Late Fall Seeding – As soil temperatures cool, the speed of seed germination slows precipitously. By mid-November, we recommend that, when seeding is necessary (new lawns, insect damage or other repair procedures), Lawn Depot EVERGREEN 100% hybrid perennial ryegrass be used and that the seed be amended with either Penn Mulch or weed-free straw (EZ Straw) to hold moisture in the seed bed. Irrigation EVERY DAY through germination is essential. Remember to only seed at this time of year in emergency situations, and only use EVERGREEN Mix if you do seed. Although seed does not die if ungerminated in the soil over the winter, it can’t germinate next spring until soil temperatures rise into the mid-50s. Probably late April-early May. And then you’ll be interfering with any weed control (crabgrass, broadleaf) programs you may want to follow. The best times to seed are between mid-August and the end of October. Late seeding and any spring seeding should be with EVERGREEN Mix, and should only be done in emergencies.
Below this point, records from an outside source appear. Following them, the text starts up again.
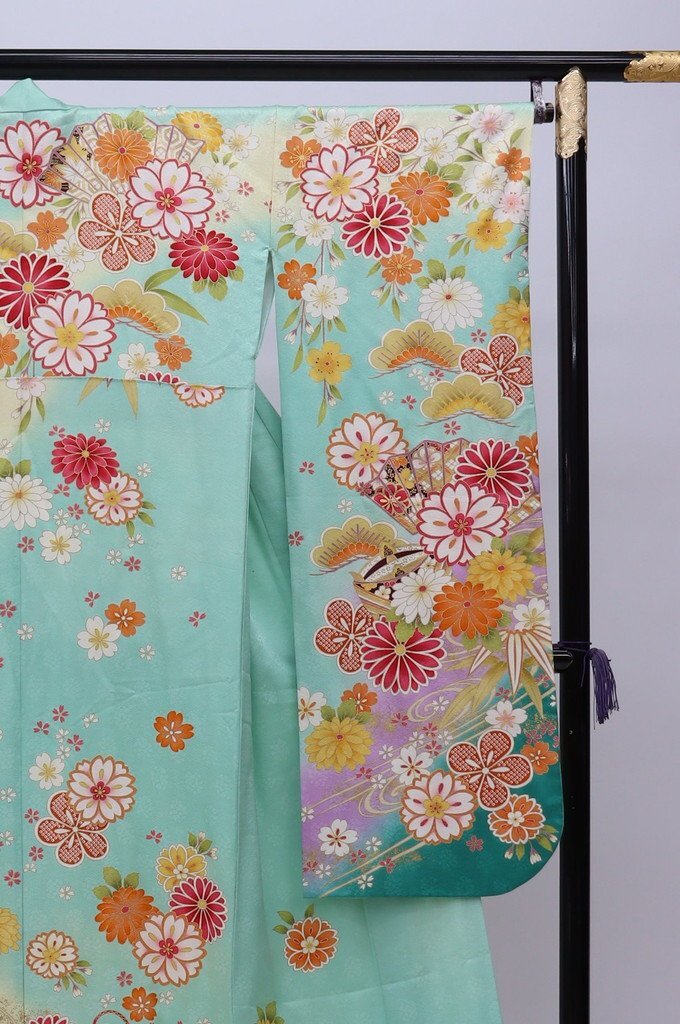 cherry★y8553fc★訳アリ★スプリングセール★振袖コレクション★振袖 単品 系★成人式 卒業 furisode kimono Japanses【中古品/正絹の画像2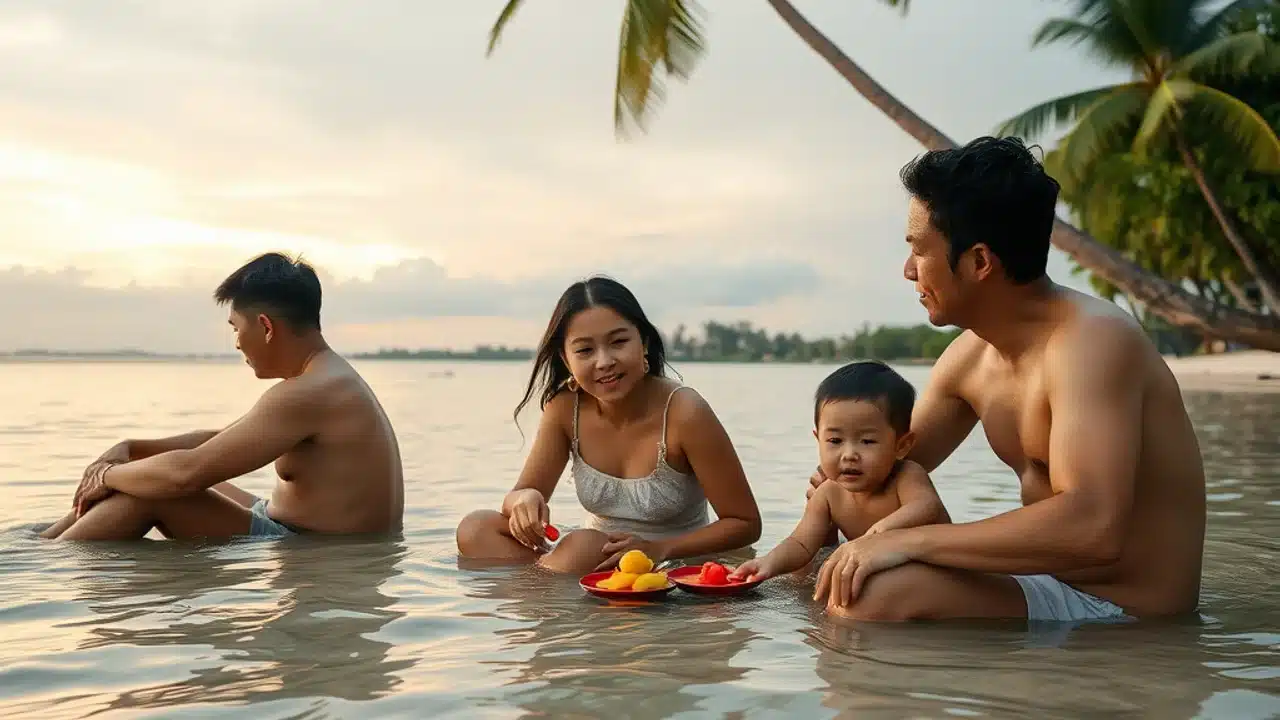 Illustrative Lipa Noi shallow west-coast beach on Koh Samui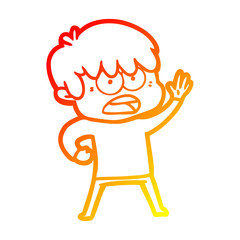 warm gradient line drawing worried cartoon boy
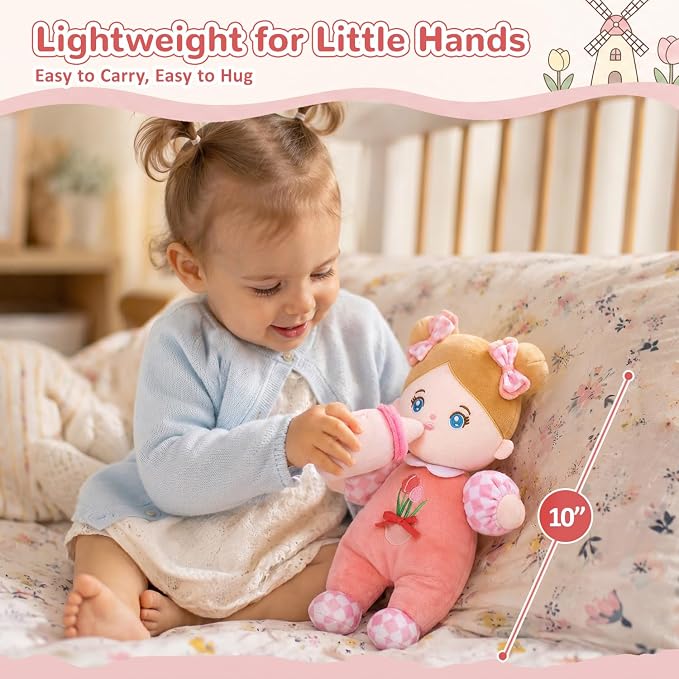 OUOZZZ Soft Baby Doll 10" Tulip Pink - First Birthday Toys for 1 Year Old Girl, Ideal 1 Year Old Girl Gifts & Baby Girl Gifts, Snuggle Buddy for Infants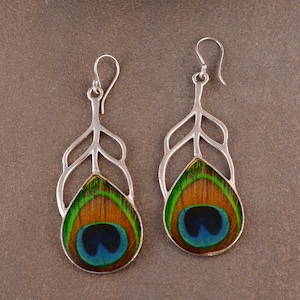 Peacock Feather Earrings: Handmade Brass Statement Jewelry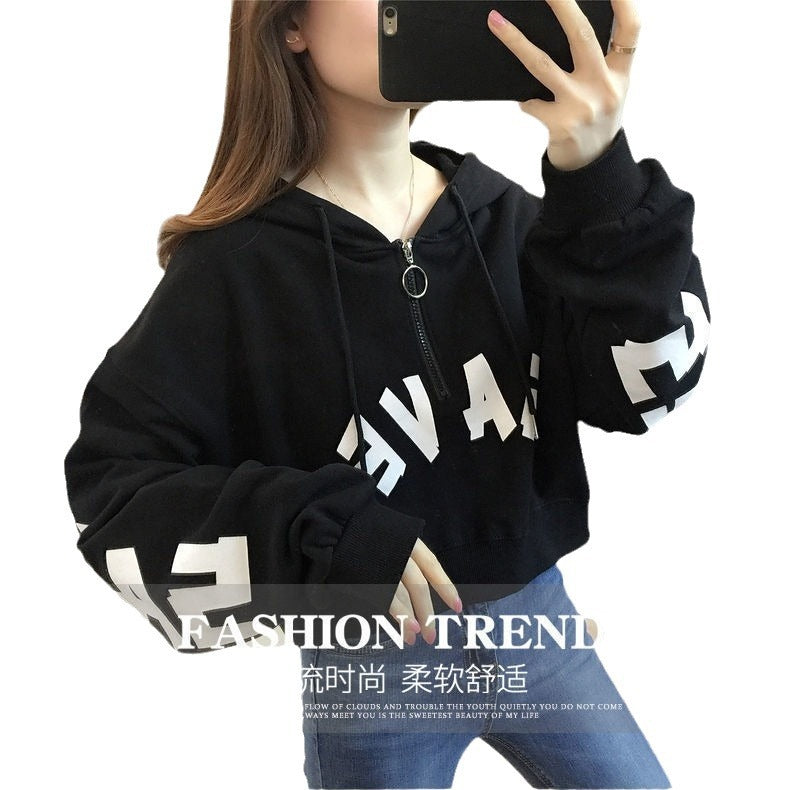 Half Zipper Hooded Short Petites Sweatshirt Women2025New Early Autumn Thin High-Waisted Stylish Streetwear Jacket Trend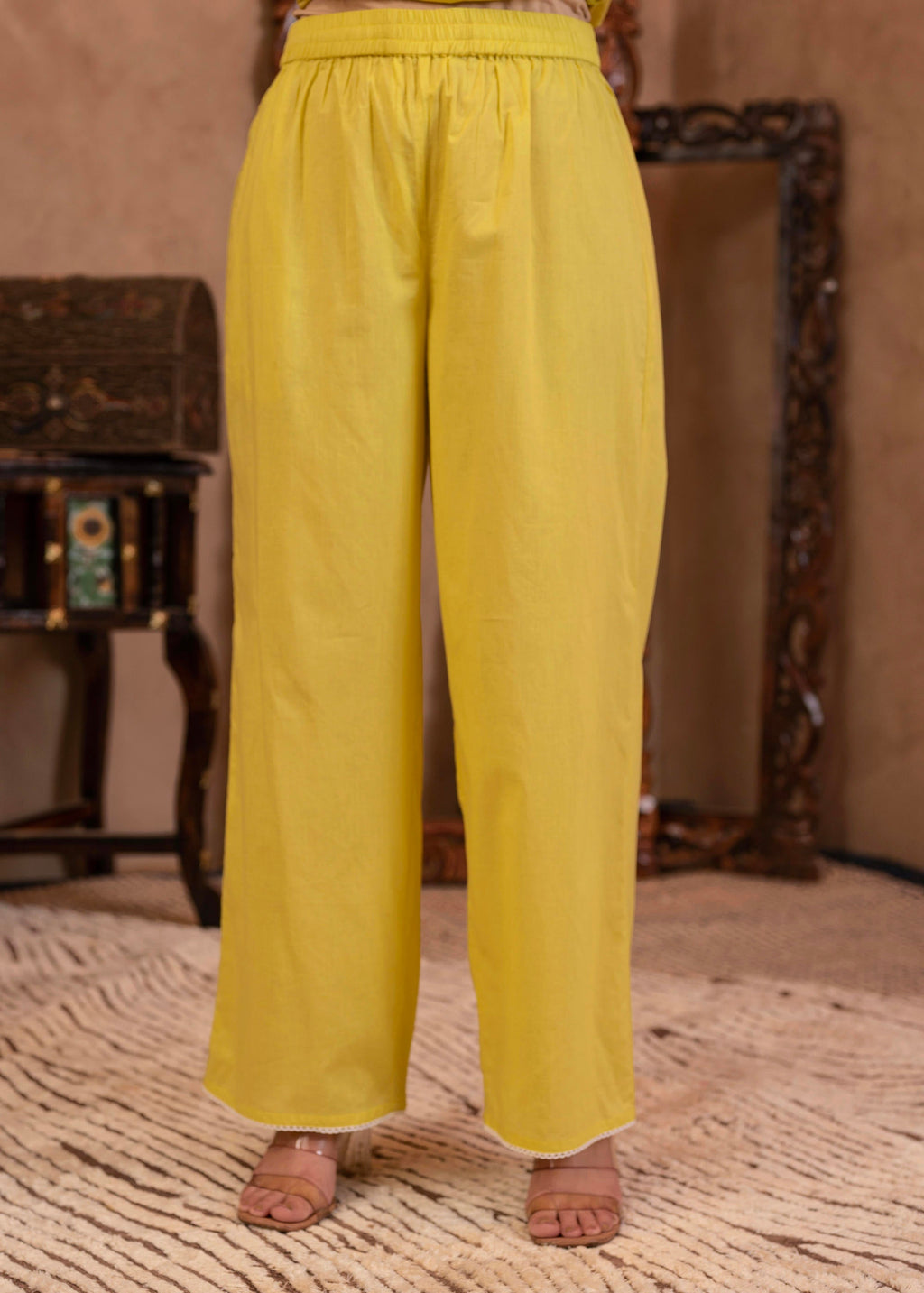 Juniper Lime Yellow Floral Embroidered Cotton Kurta with Palazzo & Lace Work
Liming Lawns in the Late Fall – Liming is a soil conditioning activity, not a fertilizer. Lime is not absorbed by grass plants. Its sole function is to make fertilizers work better. Our soils are naturally acidic (pH = 5.5-6.0 typically). When fertilizers are applied to acidic soils some of the nutrients (N, P, K) react chemically with the acidic soil and become bound to the soil. Thus, rendering the nutrients unavailable to the grass plants. So, by regularly adding pelletized lime to lawns, we can raise the soil pH and make the fertilizers more effective. Liming can be done any time when the ground is not either snow-covered or frozen. It is best done during periods of regular rainfall (now, spring) because it will be activated more quickly. Apply pelletized lime 5 lbs./1000 sq. ft. for Cal-Turf Pro Lime (high efficiency lime) to all grassy areas of the yard once or twice a year to maintain soil pH or 12 lbs./1000 sq. ft. to raise/correct the soil pH.